Doing nothing, seeking not, making no effort, giving no thought to success or failure, having no goal, we cast us down and sleep comes upon us. What did you do? Nothing! What happened – nothing. That nothingness, that inactivity, is sleep. That too is meditation and what happens is NOTHING, which is God. But the nothing is everything, and we cannot reach the everything by doing something. For each something we do is a limitation, a binding of self to narrowness.

And if this is meditation, surrender, and the way to God, what is so hard about it? Only that we start to seek God; to get somewhere; to be something; to do any damn thing except, repeat – DO NOTHING – SEEK NOT – MAKE NO EFFORT – GIVE NO THOUGHT TO SUCCESS OR FAILURE – HAVE NO GOAL – CAST OURSELVES NOWHERE.

We forget that just as sleep claims us, so God claims us, not we it. You cannot think sleep, imagine it, meditate it, contrive it, chant it or concentrate it. You can only be it. So you cannot think, imagine, contrive, chant, meditate or concentrate God. You can only be it. To take up this attitude we have in regard to sleep, and do it consciously, while staying awake, is the story of the whole journey from Anna and Joachim to resurrection and ascension. But just as there are depths of sleep, so there are landmarks in this nothingness.

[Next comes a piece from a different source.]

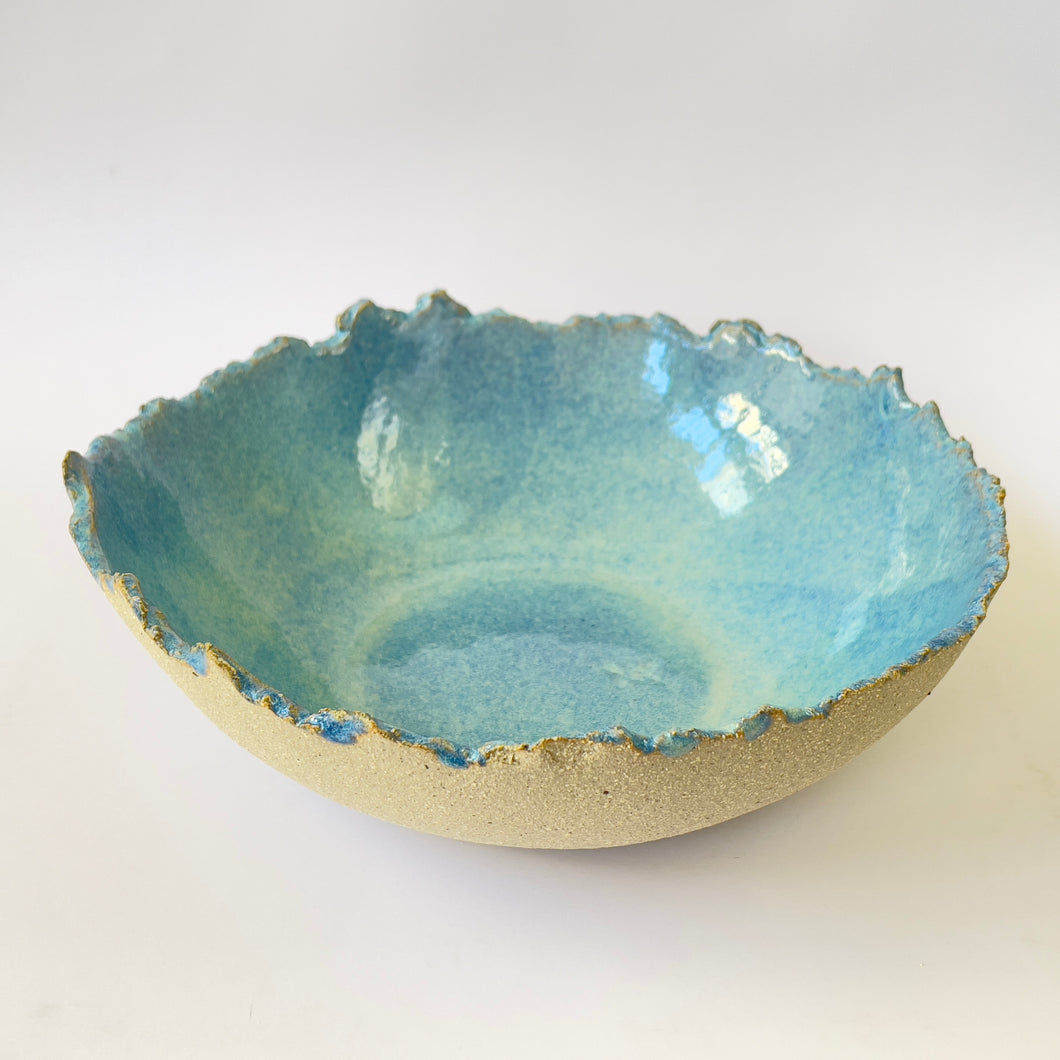 Rustic Blue Eggshell Bowl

In making our surface consciousness open – we do not fall into the deeps – the deeps rise up to us! Put another way, during surrender, consciousness does not drop into the depths and lose itself. The depths rise to consciousness and become aware in the individual self. But the surface has to be open to allow the process to go on and on. Thought after thought, fear after fear, level after level will rise and hit consciousness. And Jesus upon the cross lets it, and yields. ‘Father, into Thy hands I commend my spirit.’ For this openness must be maintained throughout this rising of the depths.

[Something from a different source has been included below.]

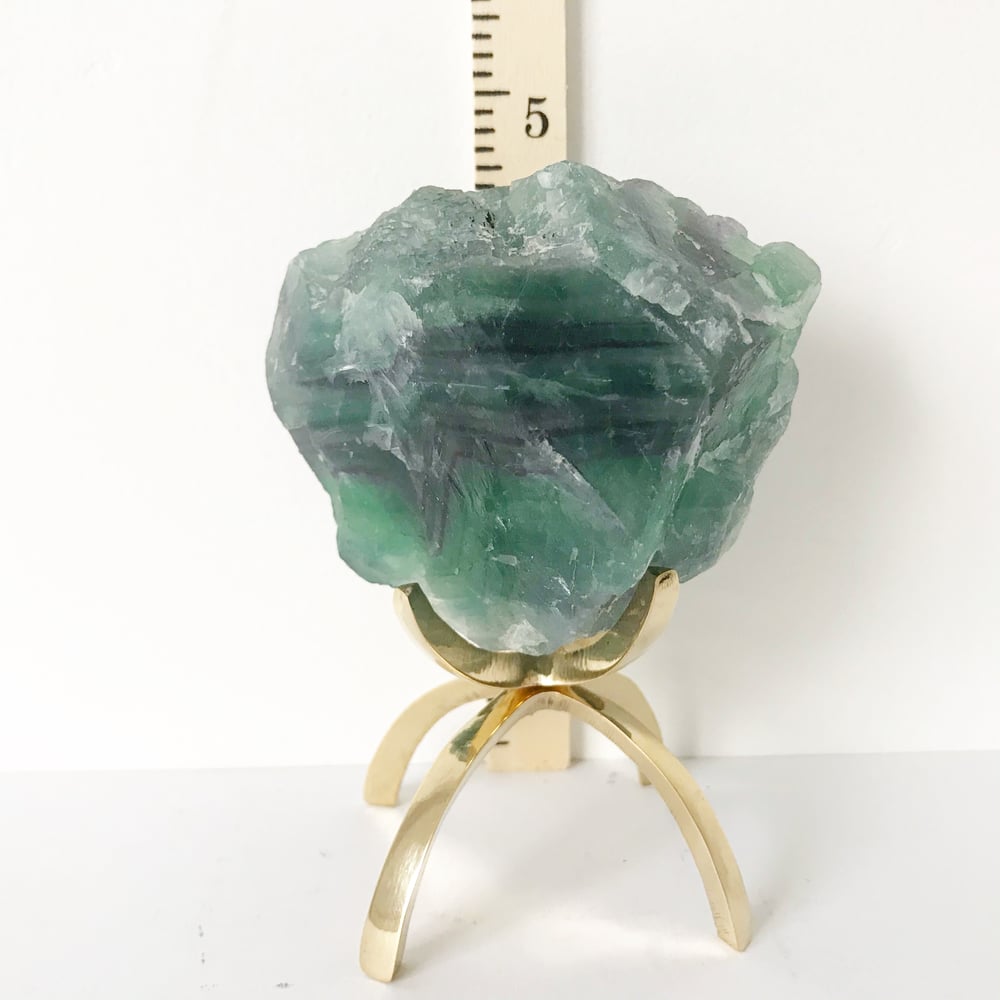 Image of Bicolor Fluorite no.25 + Brass Claw Stand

Trance is not this. It is a diving in a tiny cell of consciousness, and exploring. But the depths still remain the depths when consciousness returns to the surface. Here, the depths come to us. This is why ego and consciousness must be strengthened in trust, confidence, pliability, and other ways, or else this could not be undertaken. But the method is its own preparation, and the depths do not rise until consciousness has been prepared. Unlike drug methods, or ego-induced techniques, the Christ Way is slower. But it involves the whole being; not just one’s psychological, physical, spiritual or present self, but all. Therefore it goes slowly because there is so much to be done. Yet really it is going amazingly fast, because unlike other techniques, one does not have to keep returning to develop overlooked aspects of oneself. When we climb a mountain we will not get very high if we have a fear of heights. The fear holds us back, and is its own protection. When we have dealt with the fear we can progress to the next level. If an inability to work as a roped team shows up, again there can be no advance until the difficulty is dealt with – and so on up the mountain.

Similarly, opening our surface consciousness by our own act, faces us with the difficulties that preclude any further advance. And these difficulties in themselves close consciousness. The fear of our ego being threatened stops a person from even trying the technique, and until the fear has been dealt with, and the ego, in the process, strengthened, there is no journey. Then perhaps comes the fear of being possessed – as if we are not already bound, gagged and buggered by the devil in us – and again this will shut the doors of consciousness until dealt with. Perhaps there comes the conviction that unless we make great ego efforts, we will never ‘get anywhere’. Again the doors close until we see this for what it is. And so the process goes on, strengthening in the very act of doing nothing.

At last the whole mob of our inner rabble has thrown their stones; each one has slung its accusation, or jibe, or criticism: not only have we denied our own being, we have fallen from our self-allotted task under the burden. We have been betrayed by our own misunderstanding and unbelief. We have been pushed and shoved and bludgeoned. Yet, despite all, we have remained open. This act alone places us on the cross. We can keep on asking the question; what is the cross and the death? We ask because we can look at Calvary from North, East, South and West, and each view is different – and yet the same.

Is doing nothing permissiveness? Is it an allowance of our own vice and virtue to spill over into society, or onto our family and children? It is, to repeat, both a discipline and a permissiveness.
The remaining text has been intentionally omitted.